• Data for processing:
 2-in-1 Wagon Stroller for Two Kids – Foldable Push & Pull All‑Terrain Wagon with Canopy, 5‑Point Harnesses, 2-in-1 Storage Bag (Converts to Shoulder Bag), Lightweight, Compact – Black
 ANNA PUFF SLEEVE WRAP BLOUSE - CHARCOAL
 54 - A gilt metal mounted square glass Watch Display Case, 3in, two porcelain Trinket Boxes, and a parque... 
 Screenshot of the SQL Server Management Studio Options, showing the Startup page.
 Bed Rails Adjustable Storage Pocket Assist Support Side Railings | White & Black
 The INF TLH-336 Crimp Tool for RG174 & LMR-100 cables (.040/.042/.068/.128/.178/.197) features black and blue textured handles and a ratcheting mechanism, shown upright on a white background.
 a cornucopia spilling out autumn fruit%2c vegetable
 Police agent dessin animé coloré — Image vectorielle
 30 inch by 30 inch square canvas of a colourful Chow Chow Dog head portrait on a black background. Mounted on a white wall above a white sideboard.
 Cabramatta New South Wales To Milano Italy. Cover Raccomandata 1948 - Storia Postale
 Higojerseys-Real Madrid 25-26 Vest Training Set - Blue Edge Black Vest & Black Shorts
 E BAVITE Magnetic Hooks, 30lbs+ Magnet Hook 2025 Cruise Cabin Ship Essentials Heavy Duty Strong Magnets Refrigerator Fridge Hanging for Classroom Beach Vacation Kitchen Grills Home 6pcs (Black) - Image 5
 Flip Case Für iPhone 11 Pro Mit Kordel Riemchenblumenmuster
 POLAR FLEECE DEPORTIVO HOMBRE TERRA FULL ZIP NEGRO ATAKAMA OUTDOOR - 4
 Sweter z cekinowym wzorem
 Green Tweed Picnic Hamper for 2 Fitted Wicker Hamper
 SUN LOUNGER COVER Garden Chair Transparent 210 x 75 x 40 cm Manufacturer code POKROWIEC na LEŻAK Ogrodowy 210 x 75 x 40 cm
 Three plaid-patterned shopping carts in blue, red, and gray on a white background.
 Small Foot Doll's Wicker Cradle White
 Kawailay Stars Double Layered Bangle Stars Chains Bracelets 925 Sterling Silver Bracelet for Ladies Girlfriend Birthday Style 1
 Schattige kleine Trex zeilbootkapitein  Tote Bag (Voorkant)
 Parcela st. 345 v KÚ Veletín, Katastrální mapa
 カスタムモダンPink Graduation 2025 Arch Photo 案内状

• Your assignment: After reading the data above, print it all again exactly.

• Answer for this exercise:
 2-in-1 Wagon Stroller for Two Kids – Foldable Push & Pull All‑Terrain Wagon with Canopy, 5‑Point Harnesses, 2-in-1 Storage Bag (Converts to Shoulder Bag), Lightweight, Compact – Black
 ANNA PUFF SLEEVE WRAP BLOUSE - CHARCOAL
 54 - A gilt metal mounted square glass Watch Display Case, 3in, two porcelain Trinket Boxes, and a parque... 
 Screenshot of the SQL Server Management Studio Options, showing the Startup page.
 Bed Rails Adjustable Storage Pocket Assist Support Side Railings | White & Black
 The INF TLH-336 Crimp Tool for RG174 & LMR-100 cables (.040/.042/.068/.128/.178/.197) features black and blue textured handles and a ratcheting mechanism, shown upright on a white background.
 a cornucopia spilling out autumn fruit%2c vegetable
 Police agent dessin animé coloré — Image vectorielle
 30 inch by 30 inch square canvas of a colourful Chow Chow Dog head portrait on a black background. Mounted on a white wall above a white sideboard.
 Cabramatta New South Wales To Milano Italy. Cover Raccomandata 1948 - Storia Postale
 Higojerseys-Real Madrid 25-26 Vest Training Set - Blue Edge Black Vest & Black Shorts
 E BAVITE Magnetic Hooks, 30lbs+ Magnet Hook 2025 Cruise Cabin Ship Essentials Heavy Duty Strong Magnets Refrigerator Fridge Hanging for Classroom Beach Vacation Kitchen Grills Home 6pcs (Black) - Image 5
 Flip Case Für iPhone 11 Pro Mit Kordel Riemchenblumenmuster
 POLAR FLEECE DEPORTIVO HOMBRE TERRA FULL ZIP NEGRO ATAKAMA OUTDOOR - 4
 Sweter z cekinowym wzorem
 Green Tweed Picnic Hamper for 2 Fitted Wicker Hamper
 SUN LOUNGER COVER Garden Chair Transparent 210 x 75 x 40 cm Manufacturer code POKROWIEC na LEŻAK Ogrodowy 210 x 75 x 40 cm
 Three plaid-patterned shopping carts in blue, red, and gray on a white background.
 Small Foot Doll's Wicker Cradle White
 Kawailay Stars Double Layered Bangle Stars Chains Bracelets 925 Sterling Silver Bracelet for Ladies Girlfriend Birthday Style 1
 Schattige kleine Trex zeilbootkapitein  Tote Bag (Voorkant)
 Parcela st. 345 v KÚ Veletín, Katastrální mapa
 カスタムモダンPink Graduation 2025 Arch Photo 案内状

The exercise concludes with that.